Make your puppy ball mad and it will be the best tool in training with +R only. Have a ball in your pocket during your walks. If you see some dog your puppy is ready to run for - just flash the ball out of your pocket and start to walk in opposite direction. Repetition of such builds impression for him that, if he runs forward - the result would be you walking back with his ball, and he would face necessity to turn back after you instead of moving forward towards distracting object. You may say, here could be a problem to pass this dog with your puppy at your heel off leash. No problem, if he knows that his initiative to continue the motion forward unavoidably leads to divertion of the route for both of you. No verbal correction is required, no commands or recalls, everything is done in a complete silence with a use of the ball. Here you can pronounce only one command "Sit" if you want him to meet the dog, letting that dog to approach him in a sitting position. If he gets up - start walking away immediately.
Though, I'd put aside this biting. Use recall if you see him biting other dog too hard. It is not because he really wants that dog to cry, but up to his uncontrolable developing jaws. Don't wait when dog signals to him by crying, but signal yourself with your recall. Stop the play by recalling at the hottest moment.


----------



## dpc134 (Jan 14, 2013)

David Taggart said:


> Though, I'd put aside this biting. Use recall if you see him biting other dog too hard. It is not because he really wants that dog to cry, but up to his uncontrolable developing jaws. It is not that dog should signal to him by crying, but you signalling with your recall. Stop the play by recalling at the hottest moment.


Good advice. Thanks.
I don't have issues with my dog chewing. I was only using that as an example. 
For the play biting with the other dog: What do you do when the dog does not obey the recall command? What if the dog values playing more than coming to you? 
What if you have a dog with a play/prey drive so high that no matter how valuable and loving the dog sees you, they still just want to play rather than obey a recall.
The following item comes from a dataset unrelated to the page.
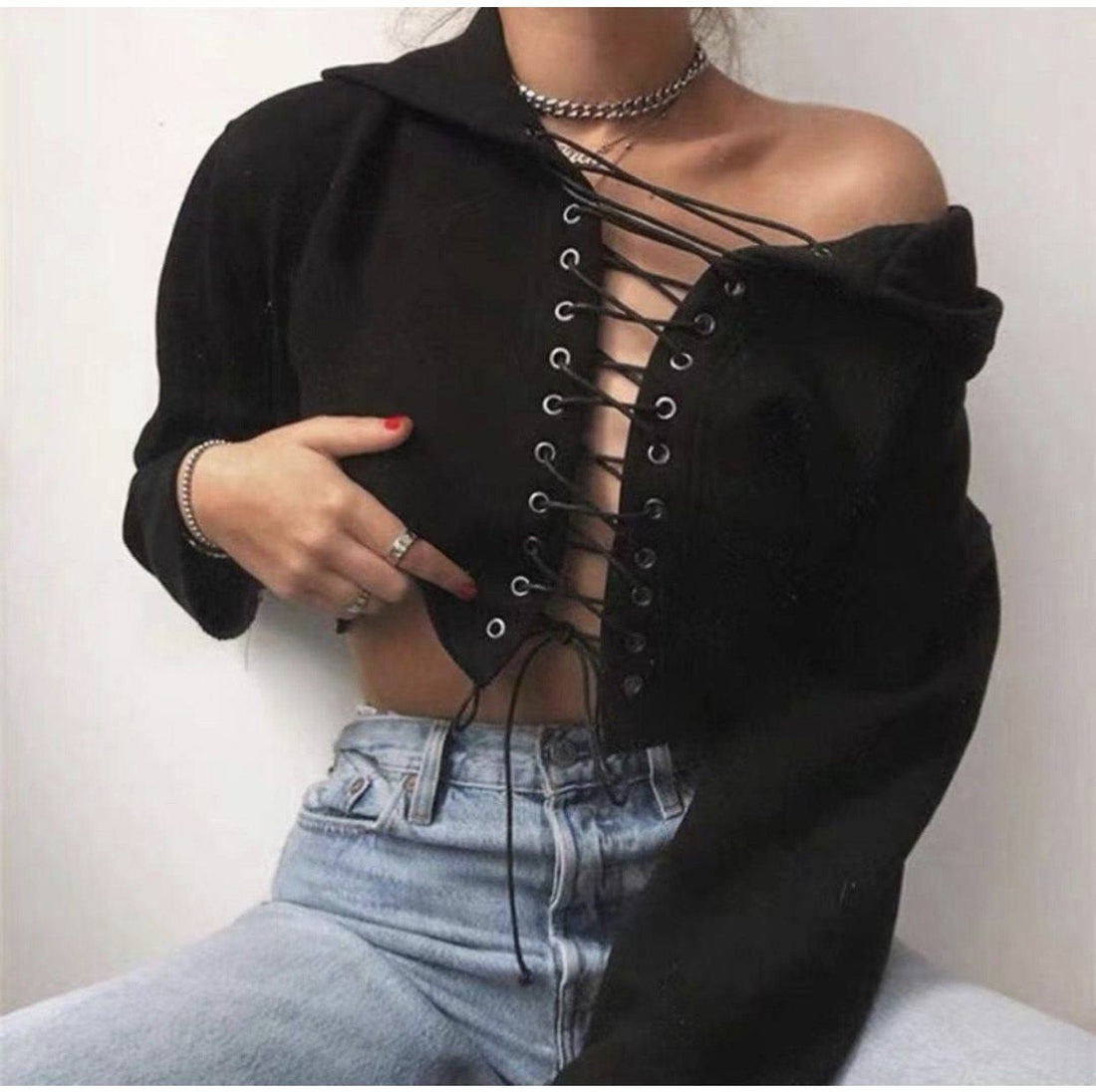 Felpina con lacci - R.a. Boutique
Why not use correction?


----------



## Liesje (Mar 4, 2007)

OK I have such a dog. He is going on 8 years old. You CANNOT recall him when he's playing with another dog, or at the dog park, or doing anything he thinks is fun really. My answer is....I just don't bring him to play with other dogs if I need to recall him, or if I think there may be a safety issue and he needs to be recalled, he drags a thin check cord so I can "reel" him in. Again we just use this form of management where there are set times that he is playing with other dogs, not attempting to do obedience beyond his level of proofing. I want him to have fun with other dogs because he has always enjoyed it. He is a low drive dog, doesn't care about toys, doesn't care about food when other dogs are around, no motivation for training just for the sake of it. If a dog comes over for a play date, I know that I can't recall him so I don't keep yelling his name. I either let him play in a fully enclosed, safe space or I have a line on him so I can still control him.
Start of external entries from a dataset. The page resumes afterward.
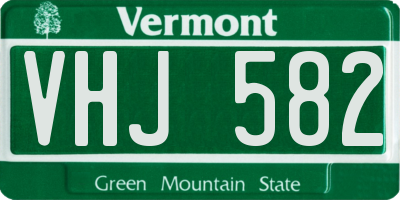 VT license plate VHJ582
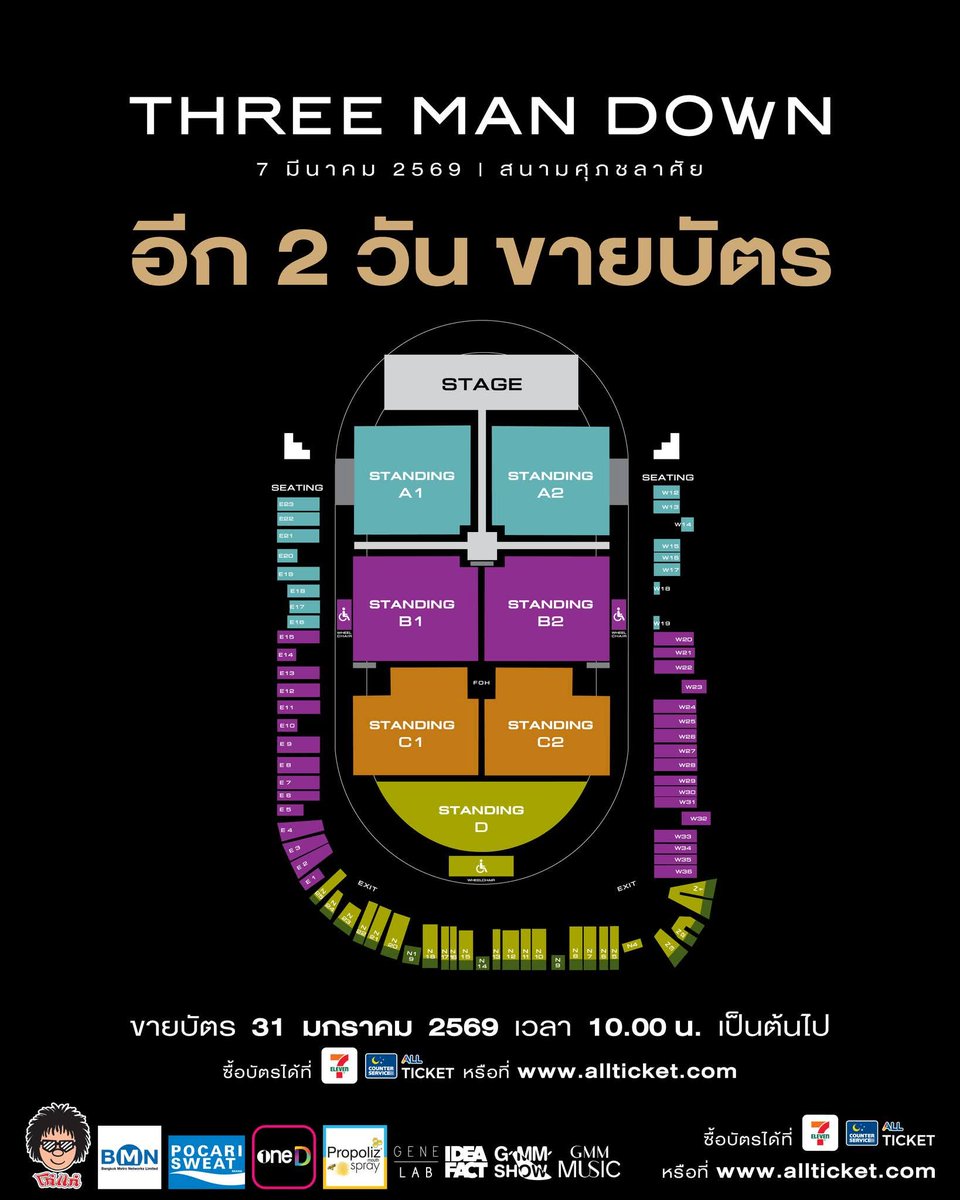 GMMSHOW_th's tweet image. ใกล้เข้ามาอีกนิด อีก 2 วันขายบัตร!!
Three Man Down Live At สนามศุภชลาศัย

วันเสาร์ที่ 7 มีนาคม 2569
ประตูเปิด 16.00 น. / การแสดง 18.00 น.
 
บัตรราคา 3,000 / 2,000 / 1,500 / 1,200 และ 900 บาท

เปิดจำหน่ายบัตรวันที่ 31 มกราคม 2569
เวลา 10:00 น. เป็นต้นไป

ซื้อบัตรได้ที่ Counter…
Regardless of what method or tool is being used, you MUST set the dog up for success. It's not fair to keep trying to recall a dog who is blowing off the recall if you already know he won't do it. I don't call my dog unless I think he will obey, or I have a way of reinforcing my command ("reeling" him in).
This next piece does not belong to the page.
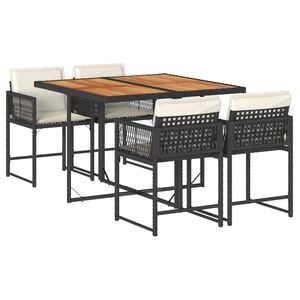 vidaXL Set da Pranzo da Giardino 5 pz Nero con Cuscini in Polyrattan
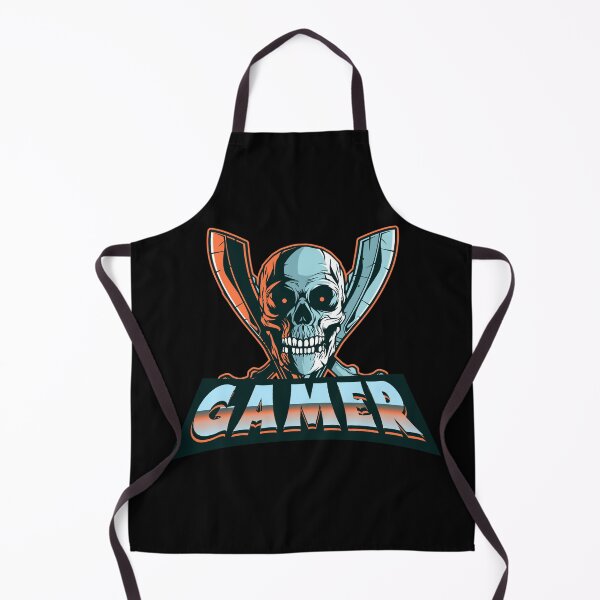 Item preview, Gamer with Skull and Two Kukri Blades designed and sold by PRIVARSHU.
The flip side is, anytime he "checks in" with me on his own, I throw him a little praise party and then give him the release word to go back and play with the other dogs. That way he's not associating me or the recall with being taken away from the play. He gets praise AND he gets to keep playing. Win win for him.


----------



## Baillif (Jun 26, 2013)

Don't recall dogs that are play fighting when stuff is about to get serious. You open the dog you recall up to retaliation or just an unexpected hit. They get punished for obeying you. Not good.

Recall is to me non negotiable. Once they know it through+r and -r and I know they know I punish for having it blown off.


----------



## dpc134 (Jan 14, 2013)

Liesje said:


> OK I have such a dog. He is going on 8 years old. You CANNOT recall him when he's playing with another dog, or at the dog park, or doing anything he thinks is fun really. My answer is....I just don't bring him to play with other dogs if I need to recall him, or if I think there may be a safety issue and he needs to be recalled, he drags a thin check cord so I can "reel" him in. Again we just use this form of management where there are set times that he is playing with other dogs, not attempting to do obedience beyond his level of proofing. I want him to have fun with other dogs because he has always enjoyed it. He is a low drive dog, doesn't care about toys, doesn't care about food when other dogs are around, no motivation for training just for the sake of it. If a dog comes over for a play date, I know that I can't recall him so I don't keep yelling his name. I either let him play in a fully enclosed, safe space or I have a line on him so I can still control him.
> 
> Regardless of what method or tool is being used, you MUST set the dog up for success. It's not fair to keep trying to recall a dog who is blowing off the recall if you already know he won't do it. I don't call my dog unless I think he will obey, or I have a way of reinforcing my command ("reeling" him in).
> 
> The flip side is, anytime he "checks in" with me on his own, I throw him a little praise party and then give him the release word to go back and play with the other dogs. That way he's not associating me or the recall with being taken away from the play. He gets praise AND he gets to keep playing. Win win for him.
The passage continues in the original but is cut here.